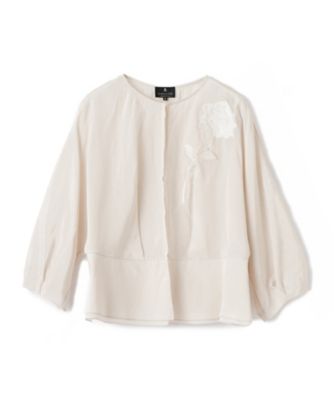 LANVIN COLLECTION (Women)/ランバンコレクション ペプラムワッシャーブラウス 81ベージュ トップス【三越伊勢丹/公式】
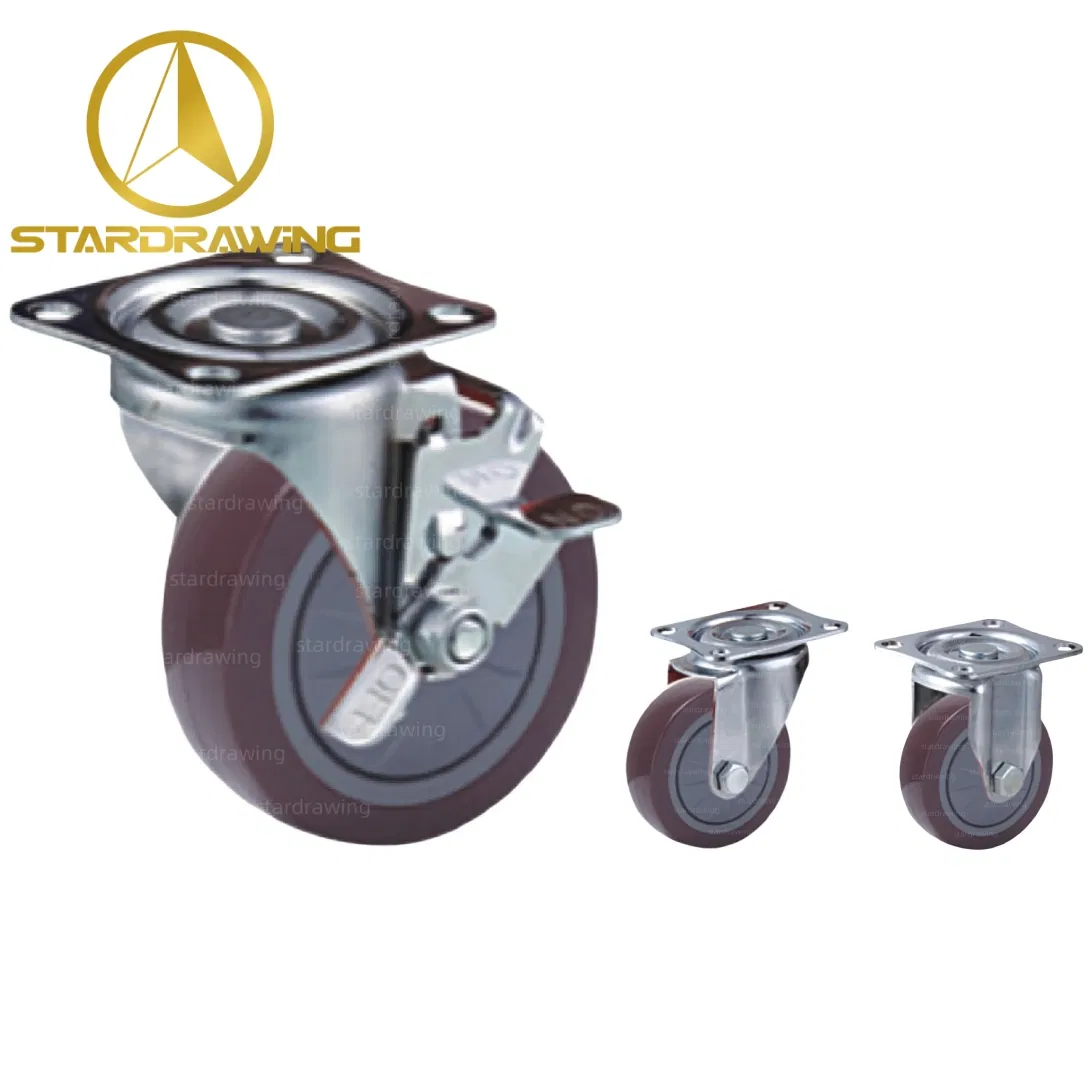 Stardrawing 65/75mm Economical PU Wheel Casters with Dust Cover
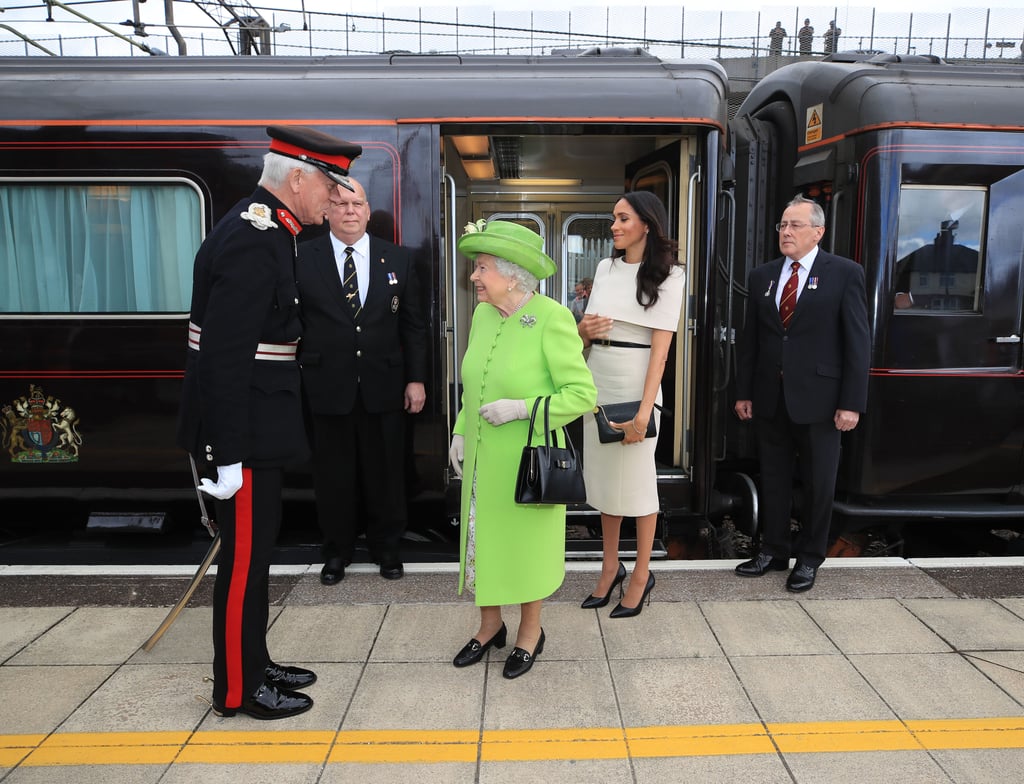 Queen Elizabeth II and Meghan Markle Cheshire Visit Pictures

▸ **YOUR GOAL**
Every line of the material must be reproduced verbatim; the pictures are to be omitted.

▸ **SOLUTION TO THIS TASK**
 LANVIN COLLECTION (Women)/ランバンコレクション ペプラムワッシャーブラウス 81ベージュ トップス【三越伊勢丹/公式】
 Stardrawing 65/75mm Economical PU Wheel Casters with Dust Cover
 Queen Elizabeth II and Meghan Markle Cheshire Visit Pictures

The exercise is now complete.